But... What do you do when your external Time Machine drive needs to be replaced, but you want to keep as much of the past history as you can?
Nothing much can be done except to get very large drives. I have two 8-TB drives make backups every hour all day. On the average, with the amount of data I have on all the other drives, the Time Machine drives can maintain, on the average, 12–18 months of backups. If you have older files that you want to preserve indefinitely, you need an archive strategy. To some extent I do that to my older data, by making archives on to more large hard drives that are fired up only when you are doing archiving. I have about 15 years’ worth of old data that I preserve to this day, even though I know that I will probably need to retrieve less than 10% of it.

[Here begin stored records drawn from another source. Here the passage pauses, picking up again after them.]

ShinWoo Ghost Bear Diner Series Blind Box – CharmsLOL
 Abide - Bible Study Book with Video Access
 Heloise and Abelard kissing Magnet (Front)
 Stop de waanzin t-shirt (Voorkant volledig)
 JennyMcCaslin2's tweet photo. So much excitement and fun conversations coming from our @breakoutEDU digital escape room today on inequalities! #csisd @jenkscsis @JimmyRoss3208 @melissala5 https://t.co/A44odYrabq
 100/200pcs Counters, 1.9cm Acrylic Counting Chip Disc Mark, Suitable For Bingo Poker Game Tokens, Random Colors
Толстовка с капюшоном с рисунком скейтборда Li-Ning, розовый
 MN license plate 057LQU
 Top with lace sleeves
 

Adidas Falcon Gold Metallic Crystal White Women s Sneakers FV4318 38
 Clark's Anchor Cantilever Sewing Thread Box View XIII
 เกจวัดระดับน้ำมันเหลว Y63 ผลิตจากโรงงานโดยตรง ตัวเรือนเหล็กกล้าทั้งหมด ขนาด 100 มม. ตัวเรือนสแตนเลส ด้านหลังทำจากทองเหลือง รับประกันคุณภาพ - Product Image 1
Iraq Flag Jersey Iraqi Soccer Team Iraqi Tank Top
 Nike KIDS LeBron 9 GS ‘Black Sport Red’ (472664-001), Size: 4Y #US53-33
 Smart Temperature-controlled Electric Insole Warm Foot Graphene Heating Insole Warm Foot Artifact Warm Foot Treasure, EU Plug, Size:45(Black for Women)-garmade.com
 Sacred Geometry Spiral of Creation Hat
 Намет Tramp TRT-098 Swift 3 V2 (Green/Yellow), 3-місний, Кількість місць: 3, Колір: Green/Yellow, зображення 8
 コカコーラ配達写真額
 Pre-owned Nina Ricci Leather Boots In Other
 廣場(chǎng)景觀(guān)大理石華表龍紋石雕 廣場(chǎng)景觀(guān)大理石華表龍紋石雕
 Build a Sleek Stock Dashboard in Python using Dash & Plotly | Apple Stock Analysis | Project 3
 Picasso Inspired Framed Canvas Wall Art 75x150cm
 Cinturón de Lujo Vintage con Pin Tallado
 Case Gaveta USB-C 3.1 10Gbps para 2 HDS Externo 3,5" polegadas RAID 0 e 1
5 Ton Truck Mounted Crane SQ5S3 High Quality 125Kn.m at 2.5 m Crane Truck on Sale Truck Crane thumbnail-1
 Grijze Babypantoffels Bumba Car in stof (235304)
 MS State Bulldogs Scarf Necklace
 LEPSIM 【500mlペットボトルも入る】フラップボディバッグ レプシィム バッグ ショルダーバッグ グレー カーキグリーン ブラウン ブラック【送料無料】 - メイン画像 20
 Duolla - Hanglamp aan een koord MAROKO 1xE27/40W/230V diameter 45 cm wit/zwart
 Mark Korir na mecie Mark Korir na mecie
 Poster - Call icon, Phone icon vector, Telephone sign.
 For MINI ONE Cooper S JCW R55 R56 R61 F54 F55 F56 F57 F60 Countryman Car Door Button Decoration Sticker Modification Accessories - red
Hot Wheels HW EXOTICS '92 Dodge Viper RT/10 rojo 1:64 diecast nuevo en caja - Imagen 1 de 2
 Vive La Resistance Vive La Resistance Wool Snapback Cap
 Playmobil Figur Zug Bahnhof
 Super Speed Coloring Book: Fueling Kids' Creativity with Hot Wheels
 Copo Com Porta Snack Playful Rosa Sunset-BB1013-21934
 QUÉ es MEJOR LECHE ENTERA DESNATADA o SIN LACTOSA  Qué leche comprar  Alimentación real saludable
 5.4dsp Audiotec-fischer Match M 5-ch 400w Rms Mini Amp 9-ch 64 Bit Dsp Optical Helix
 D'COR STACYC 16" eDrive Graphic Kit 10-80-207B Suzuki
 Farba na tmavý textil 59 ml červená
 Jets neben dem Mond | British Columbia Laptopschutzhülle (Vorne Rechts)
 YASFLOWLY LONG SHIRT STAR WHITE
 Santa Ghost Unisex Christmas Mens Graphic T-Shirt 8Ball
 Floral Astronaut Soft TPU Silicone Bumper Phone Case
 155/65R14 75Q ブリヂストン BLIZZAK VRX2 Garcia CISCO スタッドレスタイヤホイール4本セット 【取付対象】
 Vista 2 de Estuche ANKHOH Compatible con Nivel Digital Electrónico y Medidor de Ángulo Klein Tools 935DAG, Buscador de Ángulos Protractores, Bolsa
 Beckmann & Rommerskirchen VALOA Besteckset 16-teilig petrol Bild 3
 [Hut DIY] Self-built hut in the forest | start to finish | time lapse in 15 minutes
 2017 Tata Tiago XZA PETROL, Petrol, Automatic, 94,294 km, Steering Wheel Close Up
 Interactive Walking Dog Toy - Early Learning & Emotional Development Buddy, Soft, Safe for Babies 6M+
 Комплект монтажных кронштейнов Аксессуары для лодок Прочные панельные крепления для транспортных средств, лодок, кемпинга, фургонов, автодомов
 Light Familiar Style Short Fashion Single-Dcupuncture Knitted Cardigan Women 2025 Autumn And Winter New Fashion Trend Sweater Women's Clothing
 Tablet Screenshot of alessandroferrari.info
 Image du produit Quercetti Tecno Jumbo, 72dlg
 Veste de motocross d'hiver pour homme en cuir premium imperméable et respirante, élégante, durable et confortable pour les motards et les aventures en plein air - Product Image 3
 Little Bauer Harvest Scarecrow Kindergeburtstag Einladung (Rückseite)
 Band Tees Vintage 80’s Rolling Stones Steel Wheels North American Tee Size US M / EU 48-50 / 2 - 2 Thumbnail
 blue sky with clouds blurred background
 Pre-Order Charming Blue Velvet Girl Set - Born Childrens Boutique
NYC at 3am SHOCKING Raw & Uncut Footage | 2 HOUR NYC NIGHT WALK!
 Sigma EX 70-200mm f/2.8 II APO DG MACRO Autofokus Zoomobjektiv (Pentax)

For a while, I had archives done on tape until I later found out that tape does not last as long as hard drives. There can be payoffs. I recently retrieved typesetting data for several old publications that the author wanted to update. The original looks were done more than a dozen years ago. Otherwise, we would have had to scan all those pages from the printed books.
Anyway, the short answer is, the more data you want to keep, the larger your Time Machine drives need to be. When they get full, just buy a new set to start anew. I still stay with 8-terabyte drives because the newer, larger units are not as long-lived as the 8s. Go to bacblaze.com to read their report on Hard Drive Life Expectancy.